Top of Given data
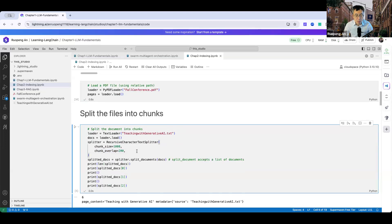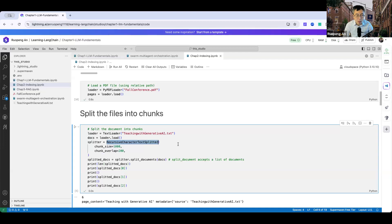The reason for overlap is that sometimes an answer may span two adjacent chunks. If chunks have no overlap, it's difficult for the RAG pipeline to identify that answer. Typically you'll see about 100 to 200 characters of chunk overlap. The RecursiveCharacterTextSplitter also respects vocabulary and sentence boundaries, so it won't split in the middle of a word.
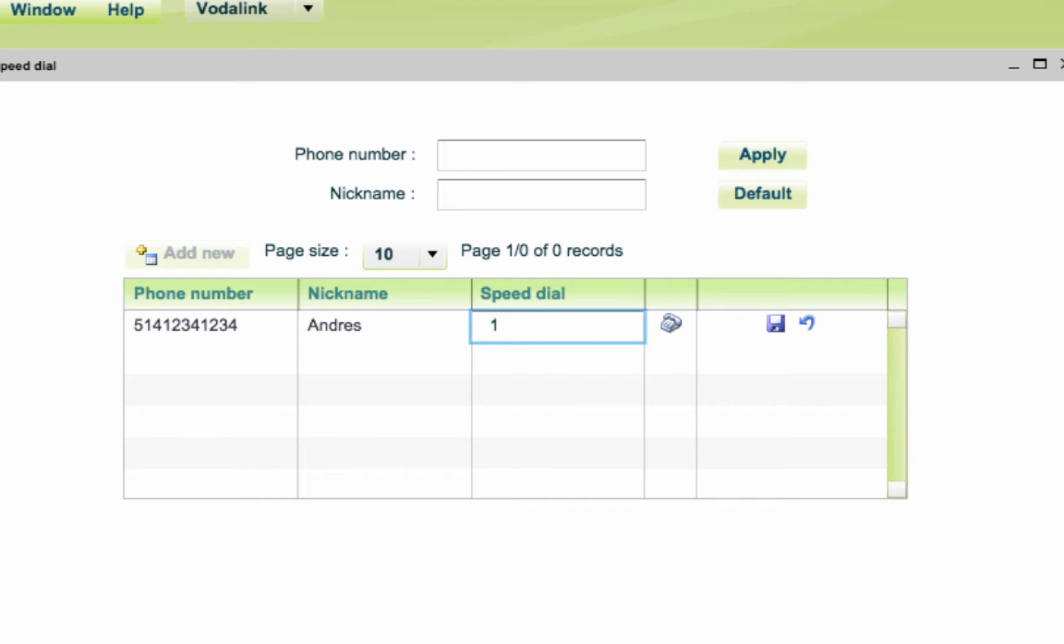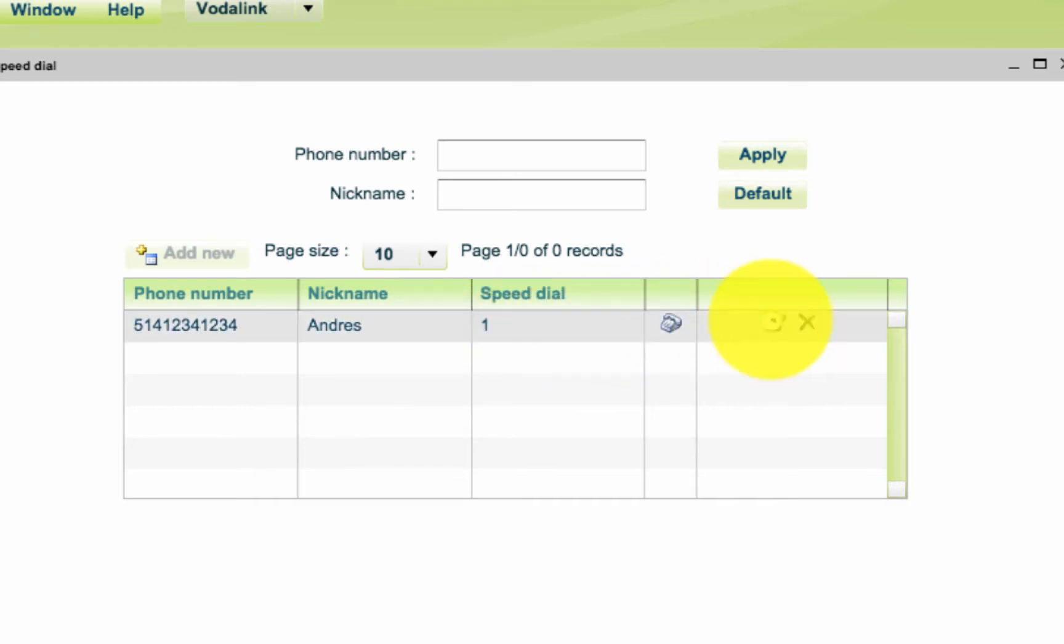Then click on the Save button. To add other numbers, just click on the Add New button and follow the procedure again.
Bottom of Given data
Top of Given data
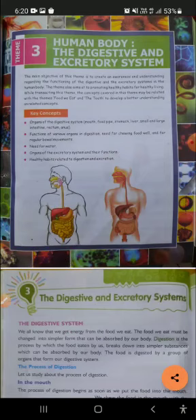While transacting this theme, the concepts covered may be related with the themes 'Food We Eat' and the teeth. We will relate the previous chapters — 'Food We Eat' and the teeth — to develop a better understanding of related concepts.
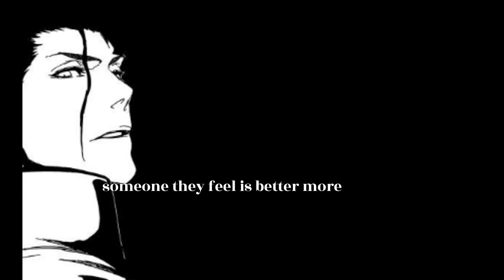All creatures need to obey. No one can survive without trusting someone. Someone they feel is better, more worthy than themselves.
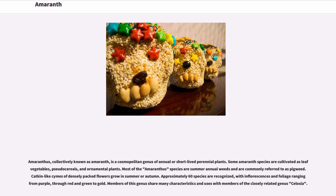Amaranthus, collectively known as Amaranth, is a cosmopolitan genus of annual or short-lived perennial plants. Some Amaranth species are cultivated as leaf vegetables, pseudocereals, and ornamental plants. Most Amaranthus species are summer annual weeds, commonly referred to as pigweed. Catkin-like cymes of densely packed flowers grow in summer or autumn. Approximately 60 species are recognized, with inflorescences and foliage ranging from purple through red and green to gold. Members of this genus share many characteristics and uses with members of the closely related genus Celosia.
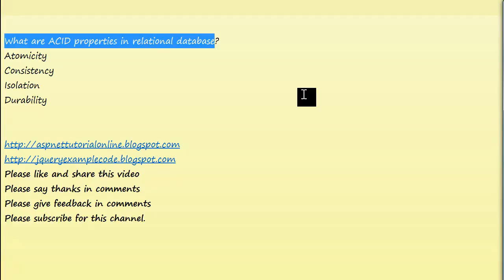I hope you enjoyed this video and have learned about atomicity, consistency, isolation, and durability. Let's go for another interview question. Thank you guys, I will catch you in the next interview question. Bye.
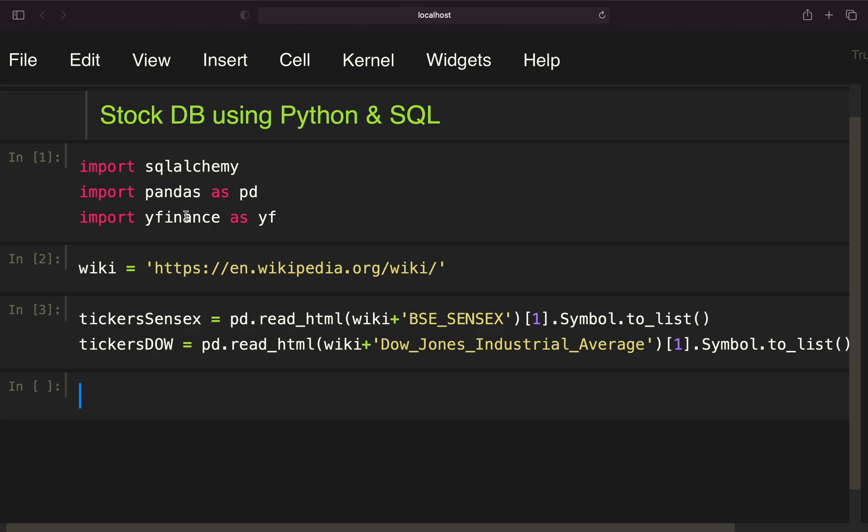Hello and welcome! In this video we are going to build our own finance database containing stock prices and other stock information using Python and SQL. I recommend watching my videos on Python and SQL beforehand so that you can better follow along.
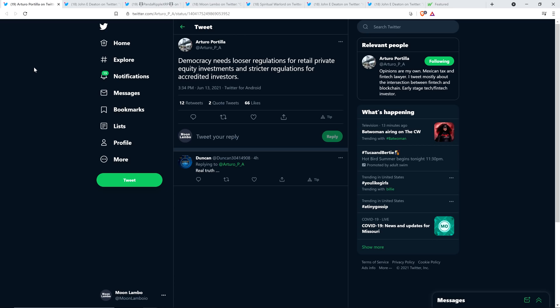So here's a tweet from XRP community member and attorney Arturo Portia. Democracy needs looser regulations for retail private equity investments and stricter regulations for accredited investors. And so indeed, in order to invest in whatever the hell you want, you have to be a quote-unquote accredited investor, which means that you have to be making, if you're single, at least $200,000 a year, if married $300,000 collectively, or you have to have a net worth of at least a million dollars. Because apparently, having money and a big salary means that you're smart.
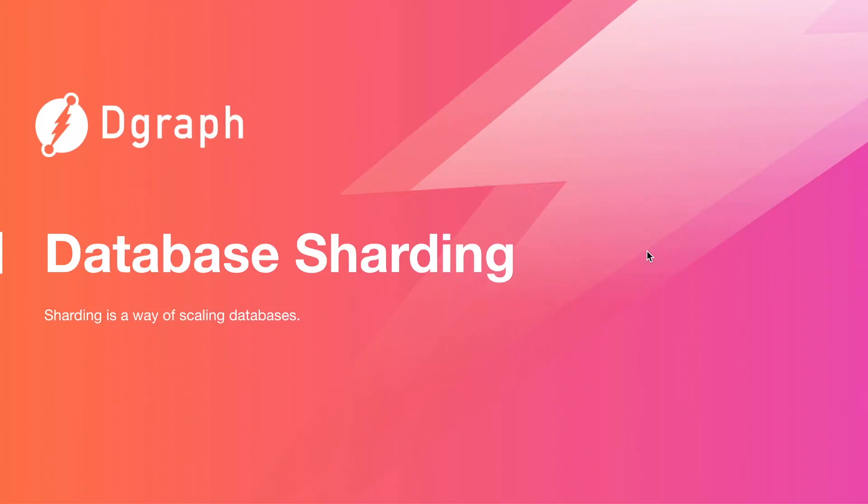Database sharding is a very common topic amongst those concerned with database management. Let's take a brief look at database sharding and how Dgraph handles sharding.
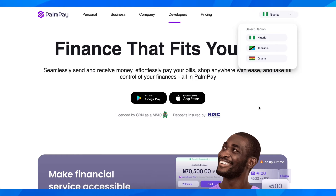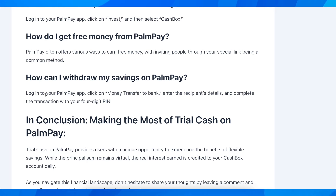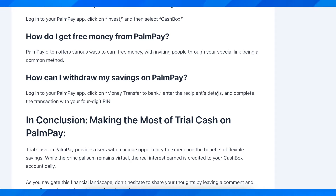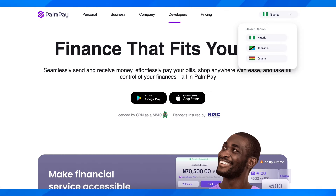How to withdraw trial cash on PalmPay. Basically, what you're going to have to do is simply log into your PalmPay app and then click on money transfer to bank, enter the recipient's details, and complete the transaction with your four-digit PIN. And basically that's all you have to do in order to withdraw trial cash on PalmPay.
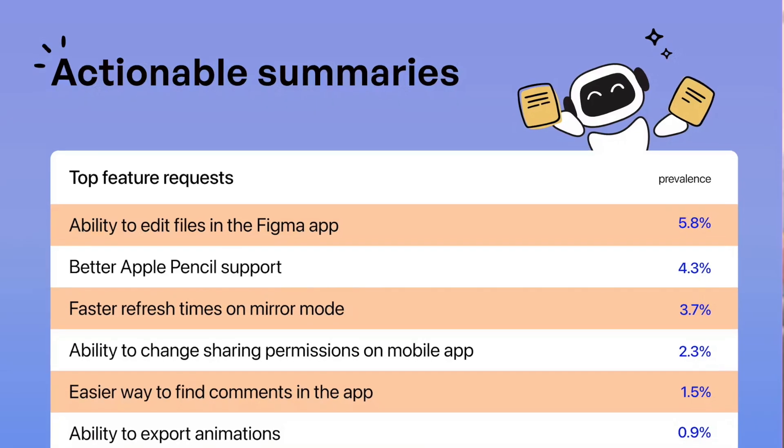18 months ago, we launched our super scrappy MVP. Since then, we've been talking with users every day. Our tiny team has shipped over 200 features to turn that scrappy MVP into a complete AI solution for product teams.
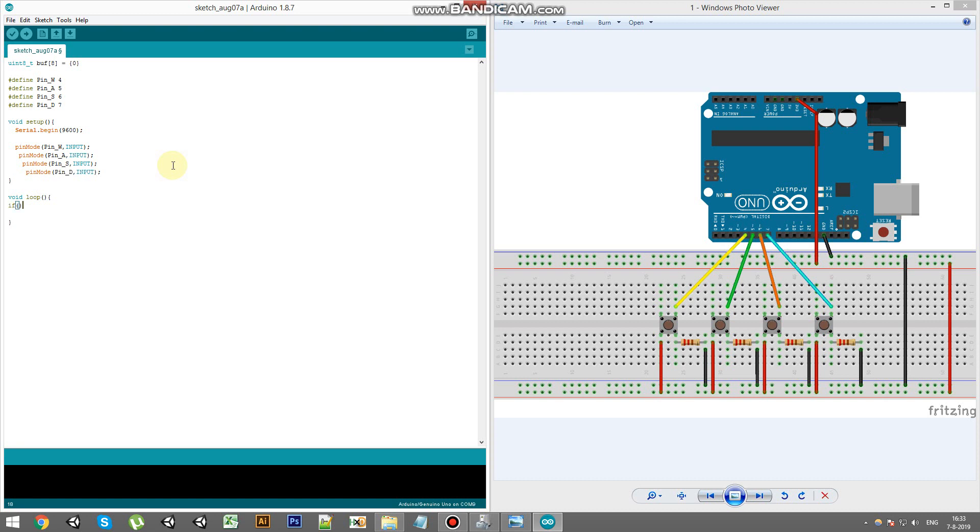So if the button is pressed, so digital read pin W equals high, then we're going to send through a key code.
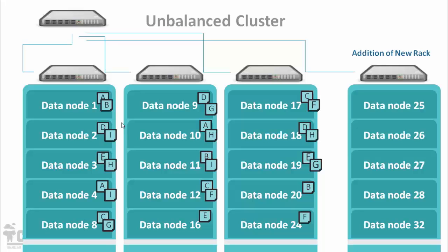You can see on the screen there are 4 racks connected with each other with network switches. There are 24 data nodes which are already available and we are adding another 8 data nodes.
Bottom of Given data
-- How to complete this task --
Within the data above, repeat exactly the lines from the one bearing "How to withdraw" through the one bearing "You can see". Include no pictures and nothing else.

-- Result for this task --
How to withdraw trial cash on PalmPay. Basically, what you're going to have to do is simply log into your PalmPay app and then click on money transfer to bank, enter the recipient's details, and complete the transaction with your four-digit PIN. And basically that's all you have to do in order to withdraw trial cash on PalmPay.
18 months ago, we launched our super scrappy MVP. Since then, we've been talking with users every day. Our tiny team has shipped over 200 features to turn that scrappy MVP into a complete AI solution for product teams.
So if the button is pressed, so digital read pin W equals high, then we're going to send through a key code.
You can see on the screen there are 4 racks connected with each other with network switches. There are 24 data nodes which are already available and we are adding another 8 data nodes.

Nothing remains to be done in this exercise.